BEGIN

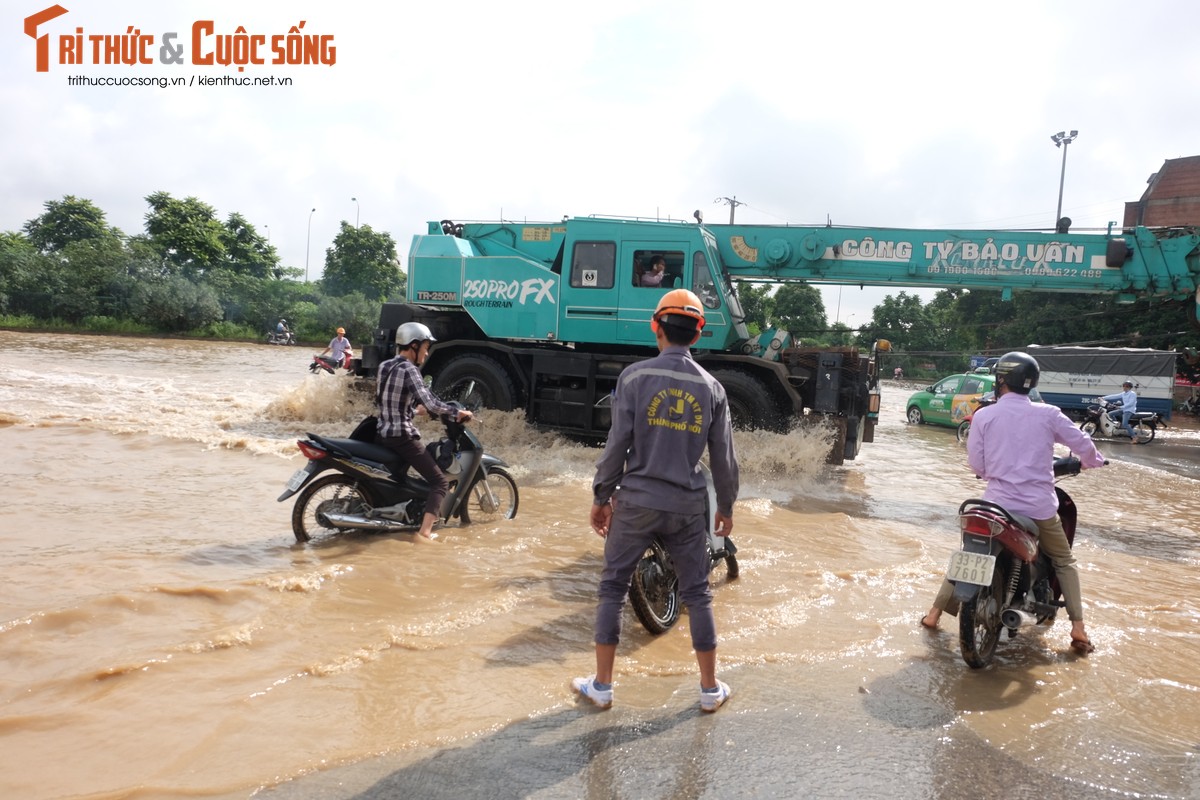 Anh: Duong Ha Noi bien thanh song, nguoi dan vat va tim loi thoat-Hinh-21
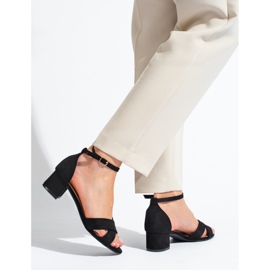 Sandales à talons bas en daim noir élégant de Shelovet le noir 3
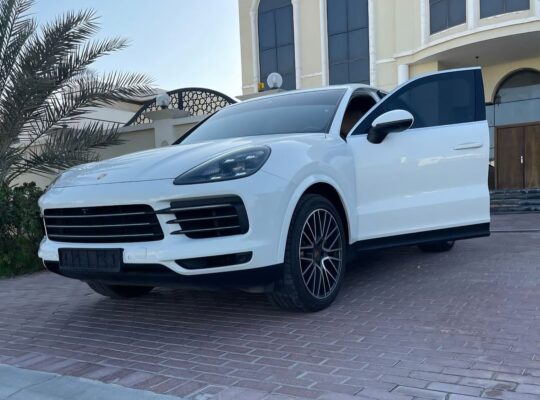 Porsche Cayenne S 2019 Gcc for sale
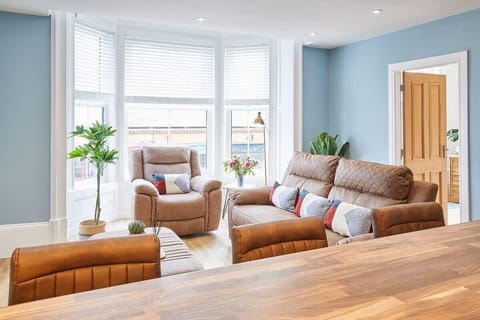 The Seaside Escape, Saltburn-by-the-Sea - Host & Stay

END

## Exercise prompt
Output the line containing "Porsche Cayenne S 2019 Gcc for sale" along with every line after it to the end of the material, exactly as written, but without pictures.

## Solved problem
 Porsche Cayenne S 2019 Gcc for sale
 The Seaside Escape, Saltburn-by-the-Sea - Host & Stay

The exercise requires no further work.